Polars makes writing Parquet just as slick, and when you’re targeting S3 with partitioning, a little pyarrow finesse goes a long way.

Here’s how you do it right:

df.write_parquet(
    target_path,
    compression="snappy",
    use_pyarrow=True,
    pyarrow_options={
        "partition_cols": ["year", "month"],
        "existing_data_behavior": "overwrite_or_ignore",
        "filesystem": settings.pyarrow_s3file_system,
        "coerce_timestamps": "ms",
    },
    retries=4,
)

✨ Let’s break this down

  • use_pyarrow=True: This enables advanced write options like partitioning, timestamp coercion, and direct S3 access via PyArrow’s filesystem abstraction.

  • partition_cols: Partitions your data by column (e.g., year=2025/month=04/) — super useful for downstream performance in Spark, DuckDB, or Polars’ own scan_parquet.

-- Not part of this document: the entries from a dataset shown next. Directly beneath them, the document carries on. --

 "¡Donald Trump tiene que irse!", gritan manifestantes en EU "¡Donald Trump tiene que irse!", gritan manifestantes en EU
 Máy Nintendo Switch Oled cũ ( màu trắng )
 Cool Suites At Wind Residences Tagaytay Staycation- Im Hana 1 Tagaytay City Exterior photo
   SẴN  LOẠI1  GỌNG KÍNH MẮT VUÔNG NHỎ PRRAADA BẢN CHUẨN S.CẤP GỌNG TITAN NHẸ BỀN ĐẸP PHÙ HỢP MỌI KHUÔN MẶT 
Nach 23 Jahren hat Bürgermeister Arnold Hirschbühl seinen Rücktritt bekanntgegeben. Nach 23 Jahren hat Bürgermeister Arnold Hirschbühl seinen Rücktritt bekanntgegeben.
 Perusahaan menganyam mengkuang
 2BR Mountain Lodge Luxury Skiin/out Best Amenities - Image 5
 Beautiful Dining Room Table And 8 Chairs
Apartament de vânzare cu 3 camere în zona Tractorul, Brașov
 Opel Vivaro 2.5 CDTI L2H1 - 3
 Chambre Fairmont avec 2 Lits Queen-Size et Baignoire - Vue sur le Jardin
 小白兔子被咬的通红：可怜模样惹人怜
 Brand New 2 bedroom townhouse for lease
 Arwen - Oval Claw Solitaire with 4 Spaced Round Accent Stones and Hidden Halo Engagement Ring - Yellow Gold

  • existing_data_behavior Tells PyArrow how to deal with existing files. overwrite_or_ignore is a nice compromise: it replaces what it needs to, skips the rest.

  • filesystem A PyArrow S3 filesystem object, typically initialized like so:

    import pyarrow.fs
    fs = pyarrow.fs.S3FileSystem(region="eu-west-1")
    
  • coerce_timestamps Timestamps can be tricky. Setting "ms" (milliseconds) keeps them consistent and portable.

  • compression="snappy": Lightweight and fast — basically the default for modern Parquet workflows.